• Data section:
★ ★ ★ ★ ★ ★ ★

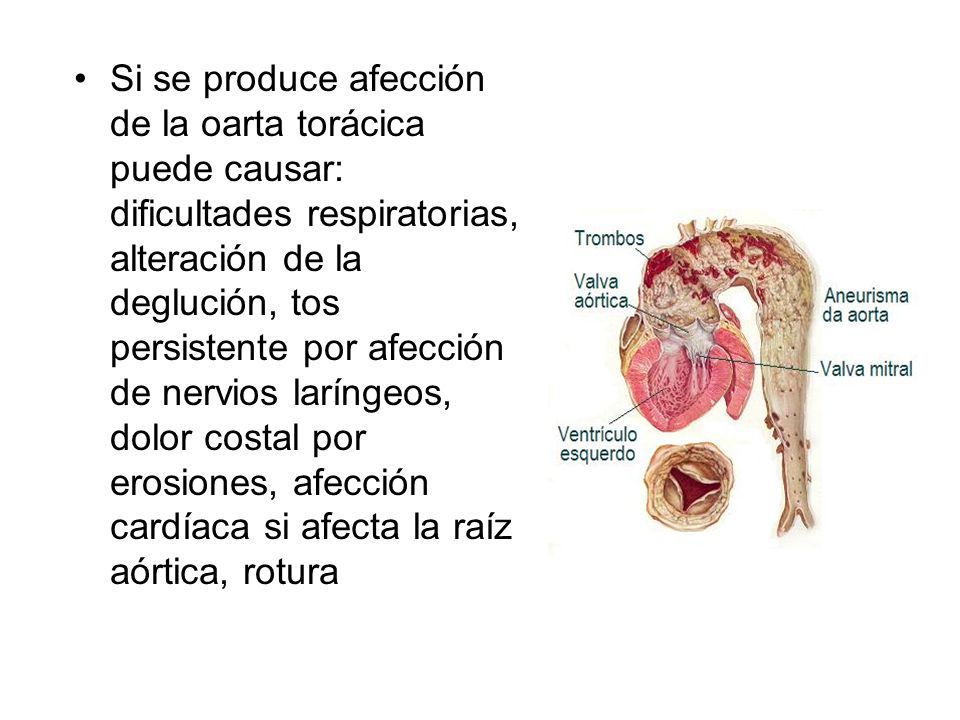 Si se produce afección de la oarta torácica puede causar: dificultades respiratorias, alteración de la deglución, tos persistente por afección de nervios laríngeos, dolor costal por erosiones, afección cardíaca si afecta la raíz aórtica, rotura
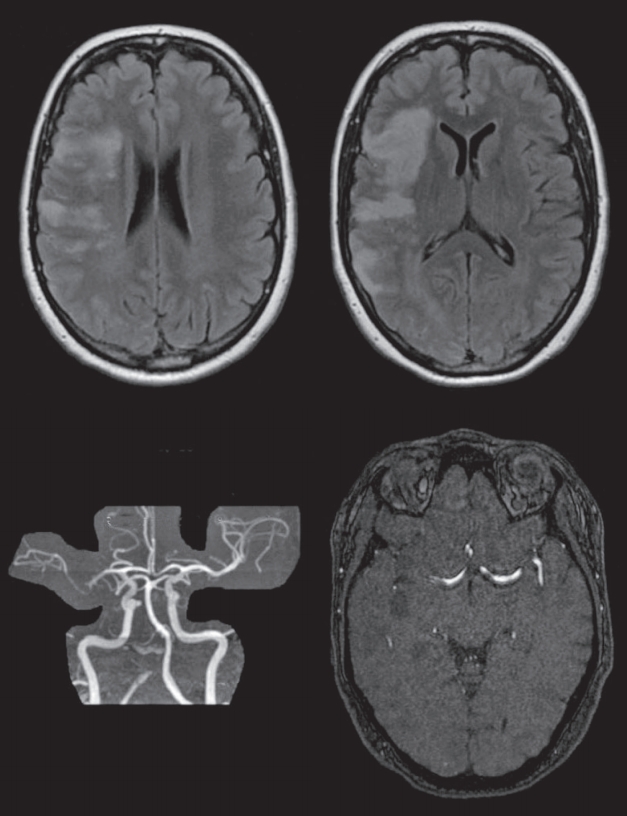 neuroint-2020-00087f1.jpg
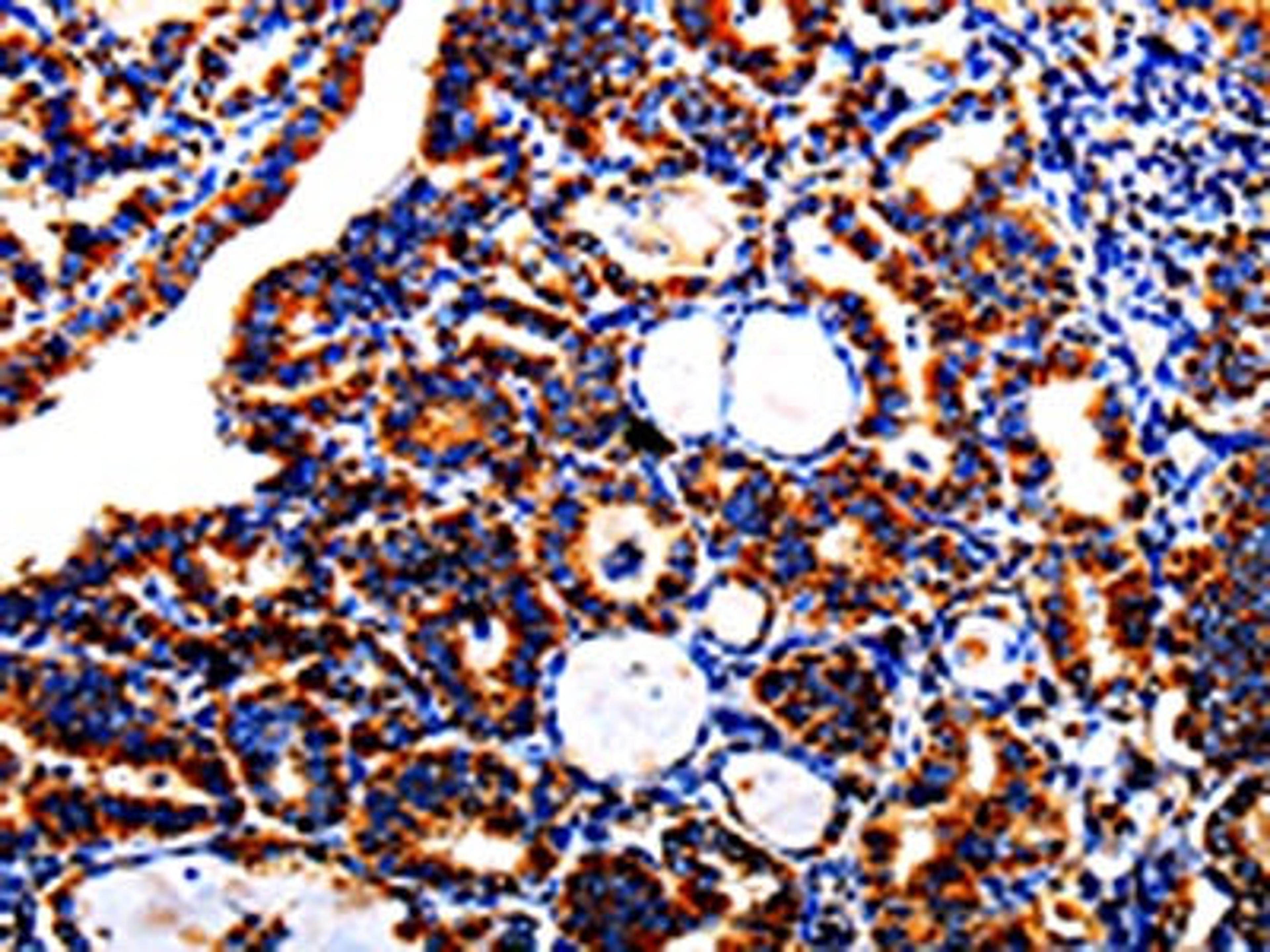 The image is immunohistochemistry of paraffin-embedded Human thyroid cancer tissue using CSB-PA230953(AFP Antibody) at dilution 1/40. (Original magnification: X200)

★ ★ ★ ★ ★ ★ ★

• Aim of the exercise: Omitting all pictures, retype exactly the lines from the line containing "neuroint-2020-00087f1.jpg" down to the last line above, both ends included.

• Your response:
 neuroint-2020-00087f1.jpg
 The image is immunohistochemistry of paraffin-embedded Human thyroid cancer tissue using CSB-PA230953(AFP Antibody) at dilution 1/40. (Original magnification: X200)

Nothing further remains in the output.